この総合特区は新成長戦略を実現するための様々な政策課題解決の突破口として位置づけられ、国際競争力の強化や地域の活性化のための包括的で先駆的な地域プロジェクトを支援する内容である。具体的には規制・制度の特例措置や税制(法人税の軽減など)・財政(各府省庁の予算制度を重点的に利用など)・金融上(利子補給制度)の支援措置を総合的に実施する内容となっている。今後、指定地域ごとに国と「推進方針」を策定後、設置される「国と地方の協議会」で調整し、国が法令等の改正を措置する。その後、各指定地域は「総合特区計画」に特例措置・支援措置の対象事業を記載し、国の認定を受ける手順となる。

上記のとおり「国際戦略総合特区」には7地域(プロジェクト)が指定された。少し長くなるが列挙すると、(1)北海道(及び4市・16町・2村・1団体)「北海道フード・コンプレックス国際戦略総合特区」、(2)茨城県・つくば市・筑波大学「つくば国際戦略総合特区~つくばにおける科学技術の集積を活用したライフイノベーション・グリーンイノベーションの推進~」、(3)東京都「アジアヘッドクォーター特区」、(4)神奈川県・横浜市・川崎市「京浜臨海部ライフイノベーション国際戦略総合特区」、(5)岐阜県・愛知県(及び両県の7市・1町・1村・1団体)「アジアNo.1航空宇宙産業クラスター形成特区」、(6)京都府・大阪府・兵庫県(及び3市)「関西イノベーション国際戦略総合特区」、(7)福岡県・北九州市・福岡市「グリーンアジア国際戦略総合特区」の7地域である。プロジェクト内容は多様であり、かつ複合的な経済効果を狙っている。

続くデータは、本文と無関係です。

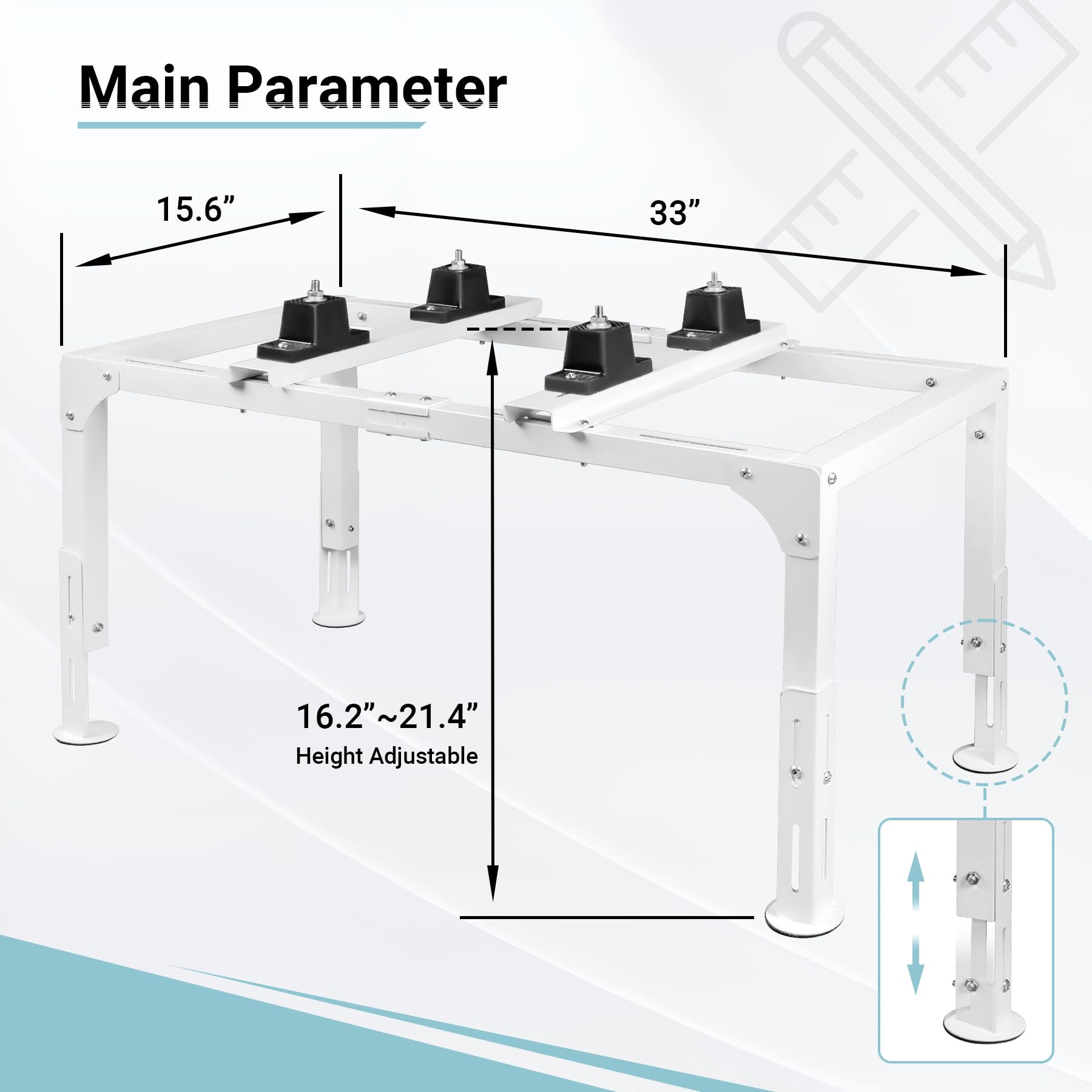 Height-adjustable design keeps the condenser elevated to avoid moisture and debris.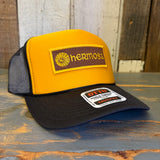 Hermosa Beach AS REAL AS THE STREETS High Crown Trucker Hat - Gold/Black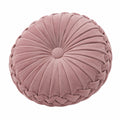 Cuscino decorativo rotondo 40 cm in velluto rosa con pieghe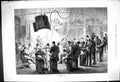 Original Old Antique Print 1882 Sketching Club Artists Painting Men Woman Model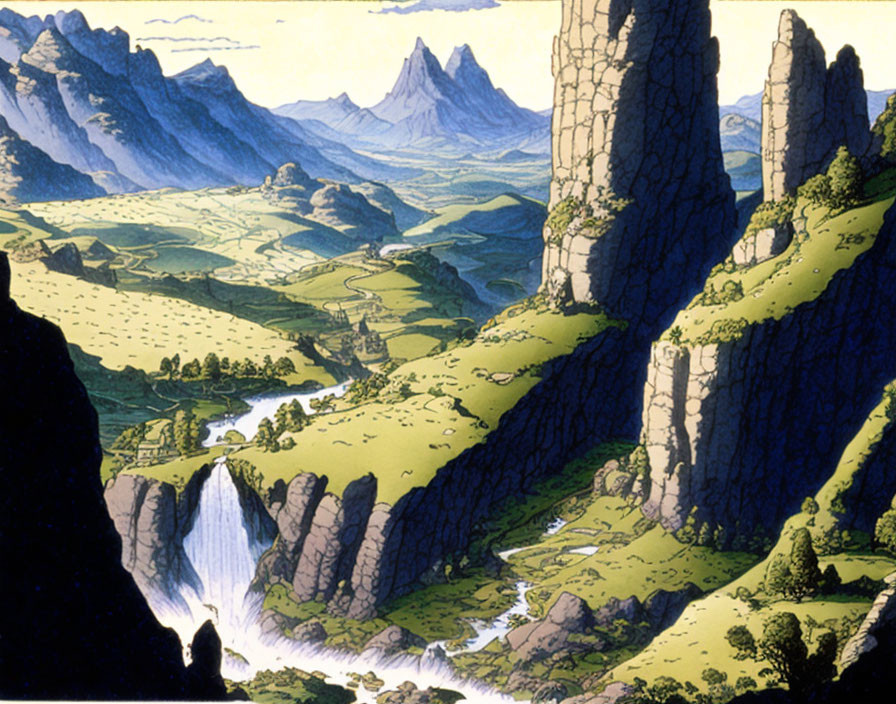 Scenic animated valley with waterfall, river, village, cliffs, and mountains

「地域活性化総合特区」には府県や市町村、大学や企業・団体が、単独又は合同で申請した中から26地域が指定された。数が多く紹介は割愛するが、それぞれ「新成長戦略」の7分野について、地域独自の資源活用や地域活性化に関するプロジェクトが指定を受けた。以上の総合特区におけるプロジェクト内容は、今後、「国と地方の協議会」における調整などを経て、計画の実現化へ向けスタートが切られよう。

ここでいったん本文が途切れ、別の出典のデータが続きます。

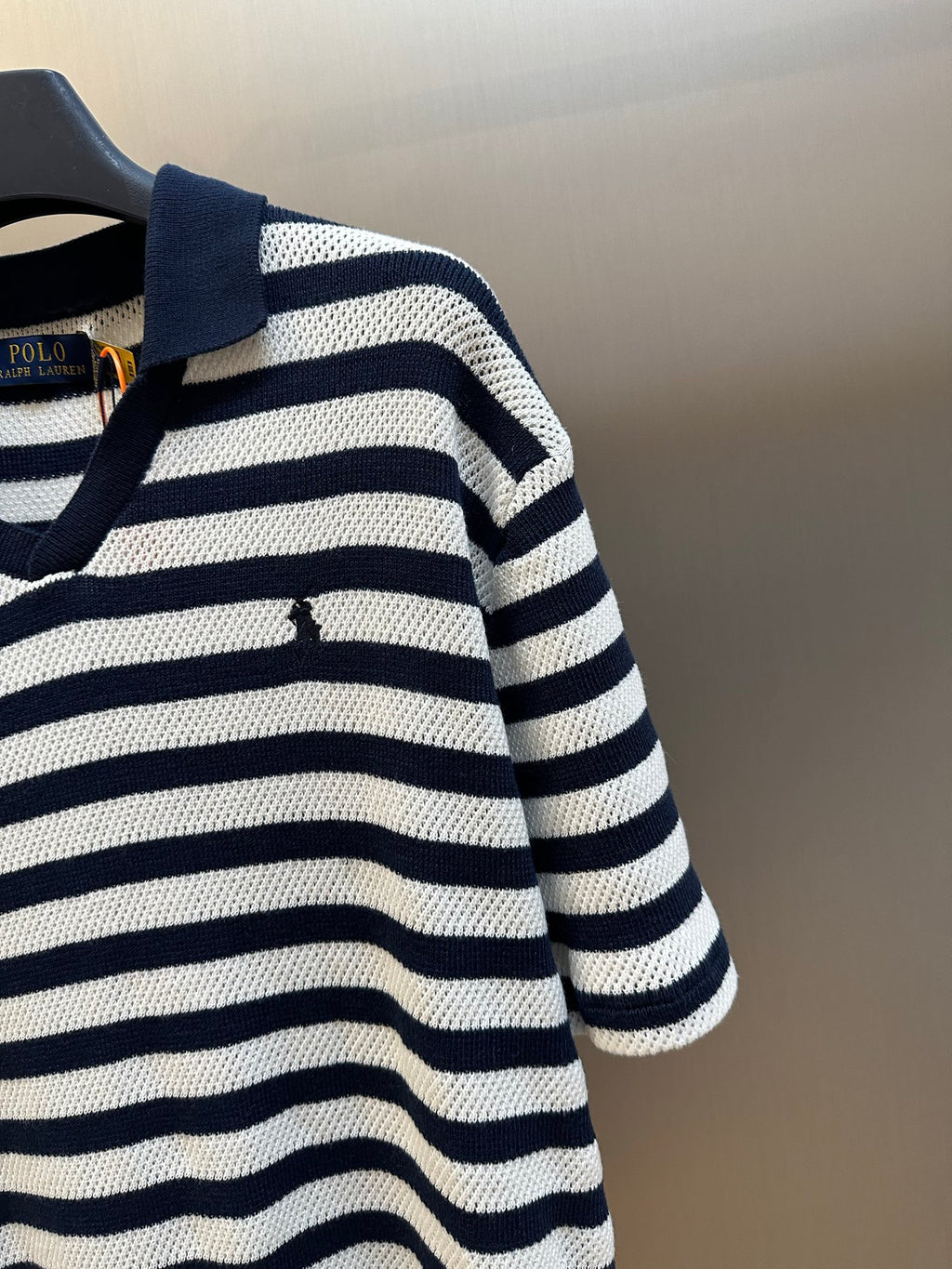Polo Ralph Lauren Men’s Striped Mesh‑Knit Short‑Sleeve Polo Shirt With Pony Embroidery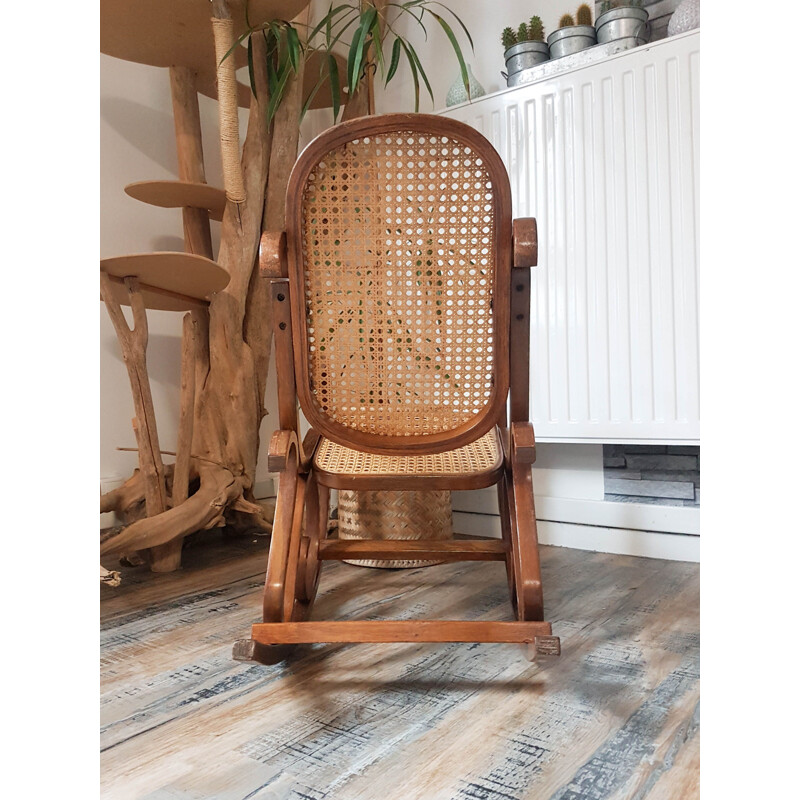 Rocking chair vintage enfant bois cannage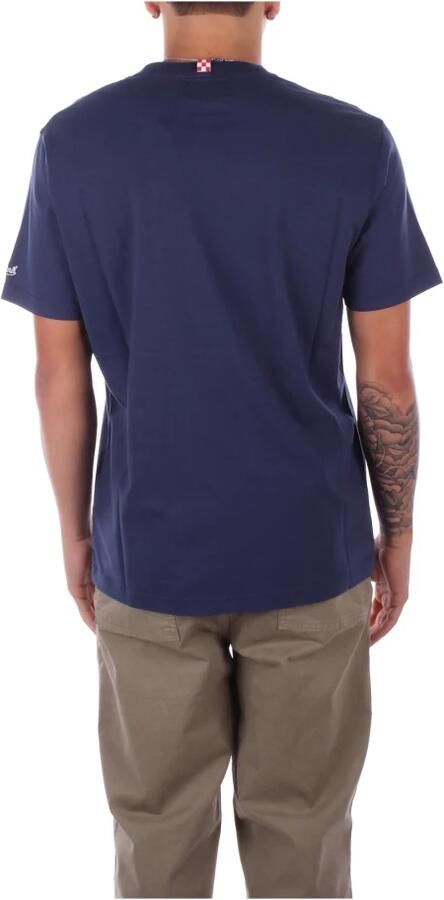 Saint Barth Logo Zij T-shirts en Polos Blue Heren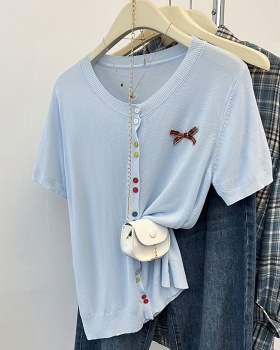Colors bow knitted cardigan summer breasted T-shirt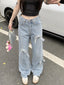 Denim Bow High Trendy Waist Wide Leg Jeans Light Blue / L women clothing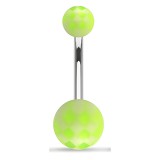 Piercing nombril UV 15 - Checker blanc et vert-pomme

これまでも、日本の国内・各地域には様々な技術的シーズや、地域資源、人的資源、資金などの多様な“資源”が存在してきた。しかし、それらが横断的に結合され十分に活用されているとは言い難いと思われる。個々のポテンシャルの総和は高いものの、各要素を有機的に結びつけて積としての相乗効果を具現化するイノベーション・マネジメントが成果を挙げていないようだ。筆者は、総合特区の仕組みを作ることで、自己の技術や知恵だけでなく外部の技術や知恵をも組み合わせる形での「オープンイノベーション」が喚起され、停滞する経済や社会の場面でのブレークスルーが出現することに期待している。このブレークスルーに向けての展開を加速するには、スピード感のある合意形成と実行速度が不可欠と考えるので、総合特区が威力を発揮するには、この要素を備える必要があろう。各地域の多様な資源を活かした特色ある産業クラスターや国際的なビジネス拠点の構築へ向けての総合特区のスタートからは目を離せない。